START DATA SUPPLIED

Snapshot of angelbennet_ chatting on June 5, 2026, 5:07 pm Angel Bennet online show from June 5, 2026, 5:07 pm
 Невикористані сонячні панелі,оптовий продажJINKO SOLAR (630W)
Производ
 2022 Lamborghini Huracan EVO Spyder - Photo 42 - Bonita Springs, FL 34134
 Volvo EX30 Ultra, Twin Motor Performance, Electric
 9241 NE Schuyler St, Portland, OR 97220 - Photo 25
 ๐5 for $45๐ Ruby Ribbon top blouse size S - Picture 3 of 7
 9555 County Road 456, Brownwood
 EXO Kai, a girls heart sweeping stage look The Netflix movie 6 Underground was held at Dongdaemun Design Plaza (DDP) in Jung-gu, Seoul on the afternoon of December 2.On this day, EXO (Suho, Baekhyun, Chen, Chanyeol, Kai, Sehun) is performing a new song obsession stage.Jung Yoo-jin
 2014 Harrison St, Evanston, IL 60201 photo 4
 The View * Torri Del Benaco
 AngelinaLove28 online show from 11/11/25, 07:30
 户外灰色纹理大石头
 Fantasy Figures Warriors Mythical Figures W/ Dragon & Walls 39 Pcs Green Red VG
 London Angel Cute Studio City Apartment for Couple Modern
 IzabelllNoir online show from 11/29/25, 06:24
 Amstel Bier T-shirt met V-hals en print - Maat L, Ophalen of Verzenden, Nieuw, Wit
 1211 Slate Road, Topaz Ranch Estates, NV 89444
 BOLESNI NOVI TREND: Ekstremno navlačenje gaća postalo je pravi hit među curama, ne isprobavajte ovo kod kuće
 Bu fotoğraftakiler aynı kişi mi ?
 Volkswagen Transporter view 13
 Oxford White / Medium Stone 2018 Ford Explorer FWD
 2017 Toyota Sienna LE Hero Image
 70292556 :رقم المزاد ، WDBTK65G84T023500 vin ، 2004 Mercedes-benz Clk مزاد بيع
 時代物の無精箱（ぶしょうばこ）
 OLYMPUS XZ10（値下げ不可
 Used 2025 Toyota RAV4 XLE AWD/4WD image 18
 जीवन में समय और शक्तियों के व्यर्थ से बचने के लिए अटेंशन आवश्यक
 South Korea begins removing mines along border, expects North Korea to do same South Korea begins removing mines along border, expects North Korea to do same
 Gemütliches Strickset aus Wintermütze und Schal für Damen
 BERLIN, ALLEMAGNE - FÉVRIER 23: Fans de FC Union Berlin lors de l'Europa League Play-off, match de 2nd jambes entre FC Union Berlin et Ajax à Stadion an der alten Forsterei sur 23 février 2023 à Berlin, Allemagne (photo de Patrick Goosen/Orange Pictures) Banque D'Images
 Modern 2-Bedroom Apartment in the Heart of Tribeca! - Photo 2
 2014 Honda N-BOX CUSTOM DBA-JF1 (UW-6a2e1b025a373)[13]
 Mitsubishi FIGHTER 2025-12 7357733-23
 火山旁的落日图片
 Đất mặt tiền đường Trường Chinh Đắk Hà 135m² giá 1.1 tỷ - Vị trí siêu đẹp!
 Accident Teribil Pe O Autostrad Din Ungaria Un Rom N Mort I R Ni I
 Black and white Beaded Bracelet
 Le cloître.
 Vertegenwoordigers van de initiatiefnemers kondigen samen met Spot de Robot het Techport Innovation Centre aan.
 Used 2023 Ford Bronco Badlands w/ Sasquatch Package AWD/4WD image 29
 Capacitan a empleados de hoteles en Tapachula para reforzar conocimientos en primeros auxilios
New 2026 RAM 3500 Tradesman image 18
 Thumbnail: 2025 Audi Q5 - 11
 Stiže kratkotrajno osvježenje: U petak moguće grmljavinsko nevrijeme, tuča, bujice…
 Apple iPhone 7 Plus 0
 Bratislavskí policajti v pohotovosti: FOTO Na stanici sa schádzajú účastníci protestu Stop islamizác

END DATA SUPPLIED

▶ [THE PROBLEM]
Copy, exactly and only, the lines above that begin with the one containing "2017 Toyota Sienna LE Hero Image" and finish with the one containing "जीवन में समय".

▶ [TASK ANSWER]
 2017 Toyota Sienna LE Hero Image
 70292556 :رقم المزاد ، WDBTK65G84T023500 vin ، 2004 Mercedes-benz Clk مزاد بيع
 時代物の無精箱（ぶしょうばこ）
 OLYMPUS XZ10（値下げ不可
 Used 2025 Toyota RAV4 XLE AWD/4WD image 18
 जीवन में समय और शक्तियों के व्यर्थ से बचने के लिए अटेंशन आवश्यक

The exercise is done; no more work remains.